The Advisors' Blog

This blog features wisdom from respected compensation consultants and lawyers

April 10, 2008

More Companies Reveal Pay Goals in ’08 Proxy Season (But Less than Half Reflect Performance)

Watson Wyatt just completed our second annual proxy survey – here is the related press release – and discovered more U.S. companies have disclosed the specific goals used in their executive compensation plans in their 2008 proxies than in 2007, although roughly one-third still do not provide this information. We found that more than two-thirds (68 percent) of the 75 large, publicly traded companies studied disclosed the actual goals on which they based rewards under their 2007 annual incentive plans, up from 54 percent that disclosed goals last year.

Additionally, 57 percent included the goals for long-term incentive plans, compared with 45 percent one year ago. Of those that did not disclose actual goals, only 19 percent stated affirmatively that disclosing them would result in competitive harm.

We have found this to be a positive step and one that will make it easier for shareholder to determine if pay programs are rewarding executives for maximizing shareholder value.
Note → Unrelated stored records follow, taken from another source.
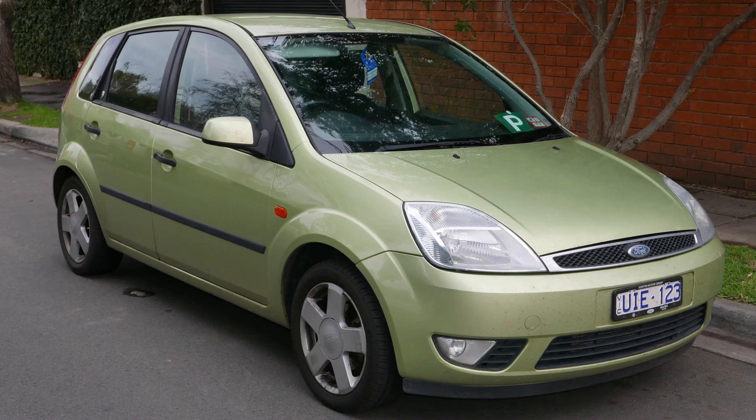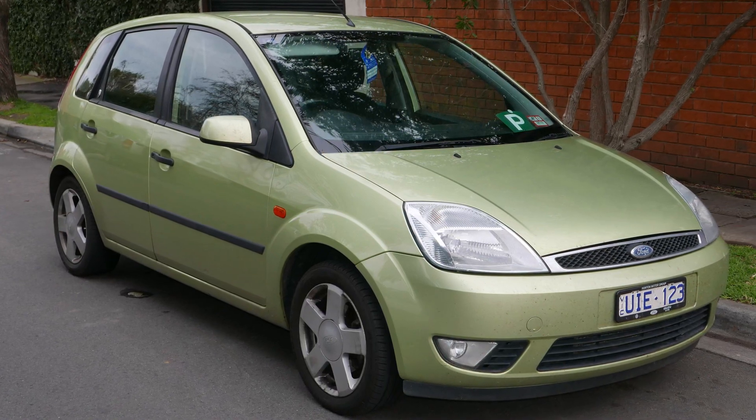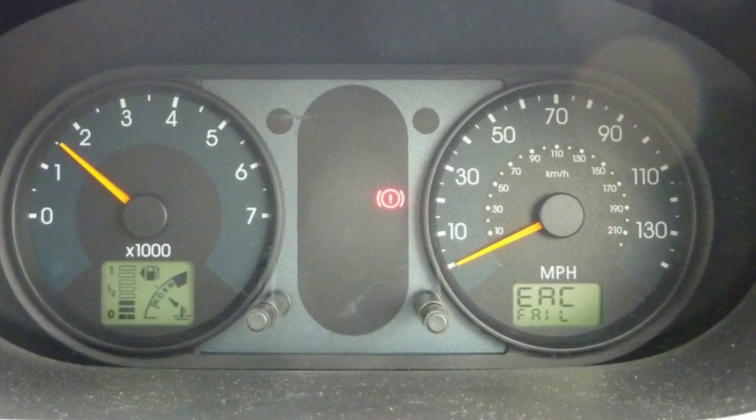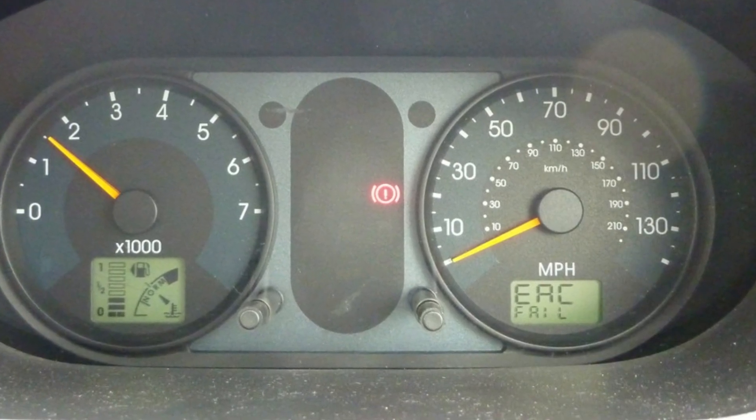The older Ford Fiesta and Fusion cars, mainly with the 1.4 TDCi engine, can upset you with the EAC fail warning that blinks on the dash, and along with it the entire dash starts blinking. When you see this warning, the vehicle gets into limp mode — the RPMs are set to about 1500 and you can't accelerate properly.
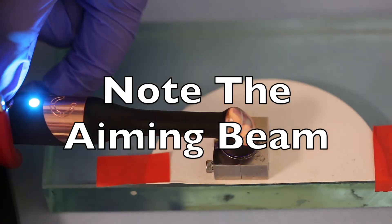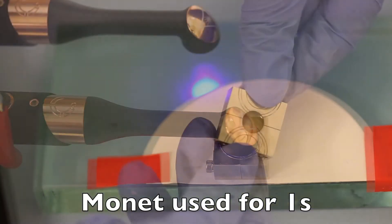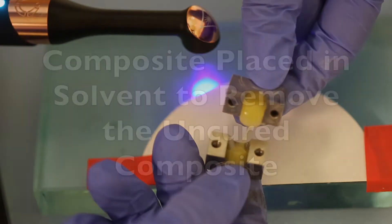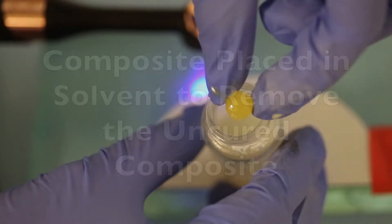Now we're going to cure it for 1 second. Wow, that's fast. When we open the mold, we see unfortunately it's not cured at the bottom. We put the composite into a solvent to remove the uncured composite.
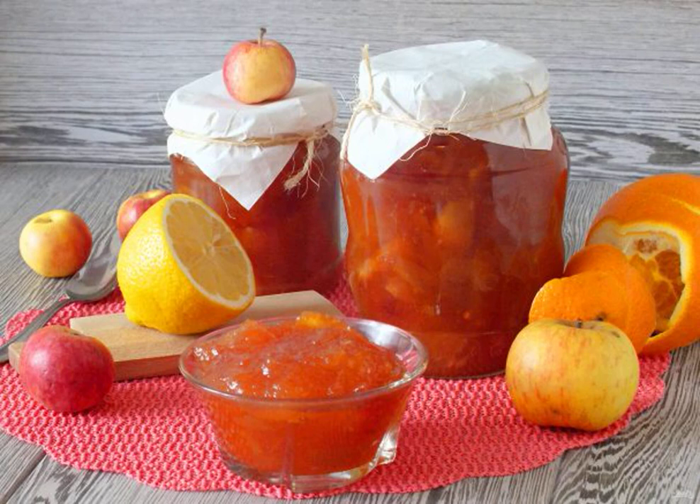When making sweet preparations, prepare jam from apples with orange and lemon. Transparent apple slices are soaked in fragrant sugar syrup. No one will refuse such a delicacy.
It appears the SEC’s goal is permit shareholders to figure out if goals are too easy or too hard and if executives are focused on the right things. Having the specific financial goals disclosed – for example, earnings per share growth of 10 percent – is one way shareholders can make a reasonable determination if their company follows its pay-for-performance philosophy.”

Despite the progress in goal disclosure, we also found that slightly more than half (56 percent) of CDAs provided a detailed description of how total pay earned during 2007 tied to company performance. Even fewer (36 percent) provided an analysis of how well the company performed versus its industry peers. The SEC had requested companies provide this type of analysis in the proxies for 2008. We recall John White’s statement from last year’s Proxy Disclosure Conference, “Stated simply – Where’s the analysis?”

Our view has been that most companies have a positive pay-for-performance story to share, yet our survey found very few who have taken the opportunity to tell it. We only found 4 percent of proxies included an executive summary that describes how the company did versus peers, how pay was reflective of company performances and how pay compared to that of peers.

We were please to see companies taking steps to reduce some of the less shareholder-friendly or non-core elements of compensation such as executive pensions and severance. Only one of the 11 percent of companies who changed executive pensions increase benefits for the executives, with the others having frozen accruals or reducing benefits for new hires. And all 24 percent of companies that made changes to their severance or change-in-control programs reduced the potential payments to executives.

We think this approach of revisiting the appropriateness of existing severance and change-in-control provisions helps them put more emphasis on maintaining core pay programs that are well aligned with corporate performance.